Melting ice caps. Sick and dying polar bears. Disappearing water supplies. Increasingly frequent and uncontrollable wildfires. Climate change can be overwhelming for adults, and it can be downright scary for kids. Preschools, particularly nature-based ones, have a responsibility to grow the next generation of planetary stewards. However, it can be a challenge to address climate change with young children in a developmentally appropriate manner.
Inspire Instead of Frighten
At worst, well-meaning discussions about the effects of climate change can be overwhelming, paralyzing or scary. In our area, forest fires are indeed something that children are exposed to and learning that they will become more frequent and harder to contain may keep children out of the forest all together. Multiple studies (see references) have shown that fear is not a motivator for adults to address climate change. When adults feel like a problem is too big for their actions to matter, there is no reason to change their behavior. This feeling of powerlessness is certainly not what any teacher wants to instill in young children.
When I attended the Natural Start Alliance’s annual conference in August, a good number of sessions were held at the Hamill Family Play Zoo inside the Brookfield Zoo. The Hamill Family Play Zoo is an area set aside specifically for the under 5 set and their caregivers. Posted on a bathroom stall door was a poster titled, “Mommy, Are Tigers Extinct?” In a few paragraphs the poster explained that while conservation was an important part of the Brookfield Zoo’s mission, the Play Zoo was focused solely on encouraging children to see the wonder and beauty of the natural world.
In my preschool program as well, we do not talk about climate change or its effects, nor do we exhort children to “save the planet.” Most children in the developed world do not tangibly experience the direct effects of global warming and climate change. The information can be incredibly abstract for young children, making it difficult for them to learn anything. Young children learn best from hands on, real life experiences and not from something happening in a “faraway place” or “awhile from now.” By keeping the focus on the beauty and helping children learn to love nature, teachers set a far better foundation for preserving the earth than they would by scaring them.
Focus on the Environment Children Experience First-Hand
The best way to address climate change with young children is to remain focused on the small areas of their world that they can touch and effect. Instead of worrying about an abstract, scary future, we teach children to appreciate and respect the ways in which they are connected to and depend on nature. When we are in the forest, we respect the many habitats of forest creatures. We carefully step around spider webs. We refrain from tracking inorganic substances into the woods. We learn to leave the moss on the trees so that it remains a home for insects and other small creatures.
In the garden, we learn how food is produced, the importance of healthy soil and water, and how we depend on the sun’s energy.

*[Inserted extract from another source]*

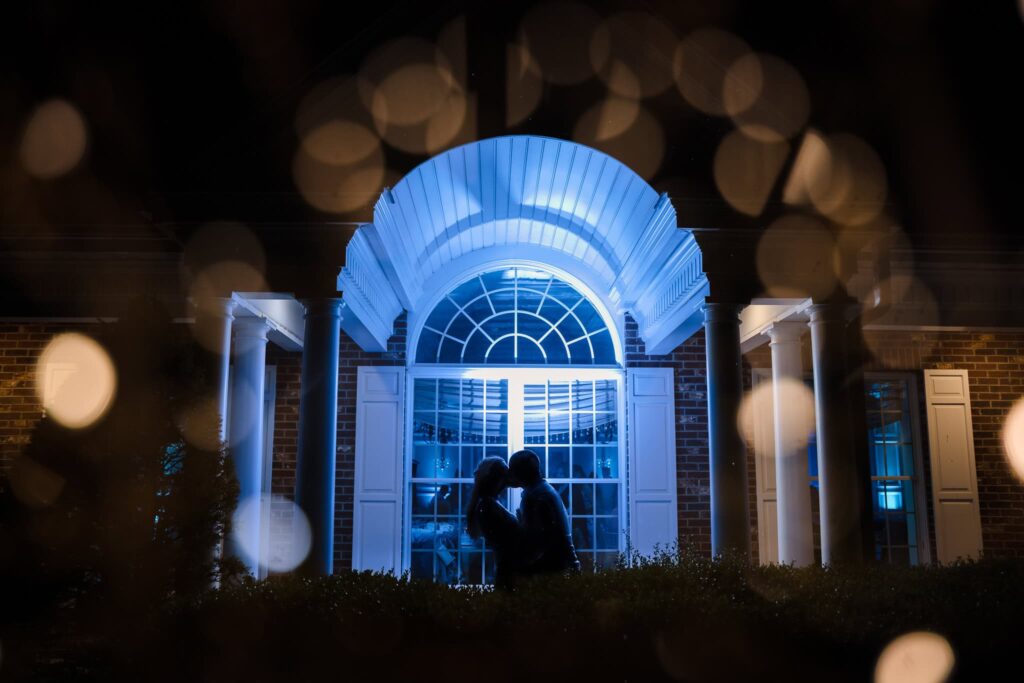 Romantic nighttime portrait of a bride and groom outside the Estate at East Wind, silhouetted beneath the illuminated entrance during an elegant Long Island wedding evening.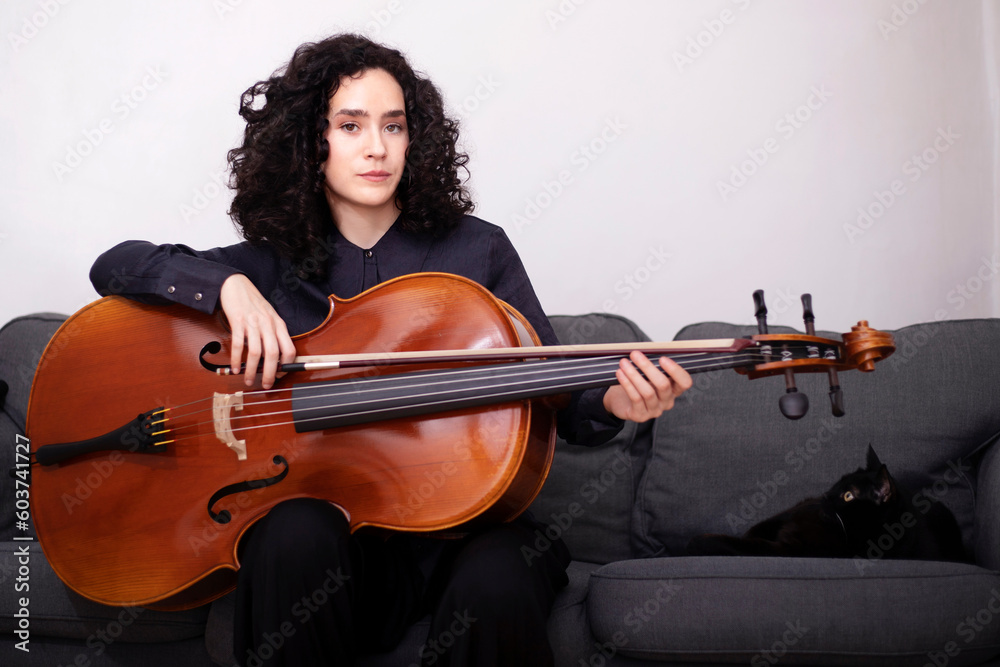 Female musician playing cello while sitting on sofa Female musician playing cello while sitting on sofa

We talk about garden helpers, like butterflies, bees, ladybugs and spiders, who protect and pollenate our plants in exchange for their own food and shelter. And when we do need to remove a garden pest, we do so with care.
Throughout the days and years, we teachers nurture children’s instincts to be protectors and help them see their own power to affect their environment. The children are often motivated to create homes for snails or slugs displaced from our garden. I like to lead them through thinking about the creature’s needs – food, shelter, room to move – so that the home they thoughtfully create takes the animal into account rather than being a pile of leaves stacked on top of the animal. When the children wanted to attract bees and butterflies to pollenate our apple tree, I facilitated their research into the types of plants we might want and coached their design of a new butterfly garden at the preschool. Through all of these nature lessons, children learn how to take care of the environment, but in small, tangible ways that relate to their every-day life.
Nurture Children’s Desire to Protect Wildlife
While your program may or may not have a forest to explore or an open space for a large garden, you can certainly find small ways to encourage children to think about how all nature, including humans, rely on the rest of nature being in balance. Help children cultivate indoor plants in the classroom and discover the symbiotic relationships between humans who breathe in oxygen and release carbon dioxide and plants who do the opposite. Or include an inquiry about how food gets to our tables in a community helpers unit to make explicit the inter-connectedness of many different kinds of people and nature working together to fill an essential need.
The goal in addressing climate change with young children should be to implicitly stress how humans’ interactions with nature, and vice versa, can have large and small effects. Rather than creating children who are afraid of nature’s destruction, we want to create future environmental stewards who know their power to positively affect all life on earth.
References (Studies on Children’s and Adult’s Attitudes to Climate Change)
Aitkin, Christopher, et al. Climate change, powerlessness and the commons dilemma: Assessing New
Zealanders’ preparedness to act. Global Environmental Change, May 2011.
Ojala, Maria. Regulating Worry, Promoting Hope: How Do Children, Adolescents, and Young Adults Cope with Climate Change? International Journal of Environmental and Science Education, October 2012.
Kenis, Analeen, et al. Beyond individual behaviour change: the role of power, knowledge and strategy in tackling climate change. Environmental Education Research, July 2011.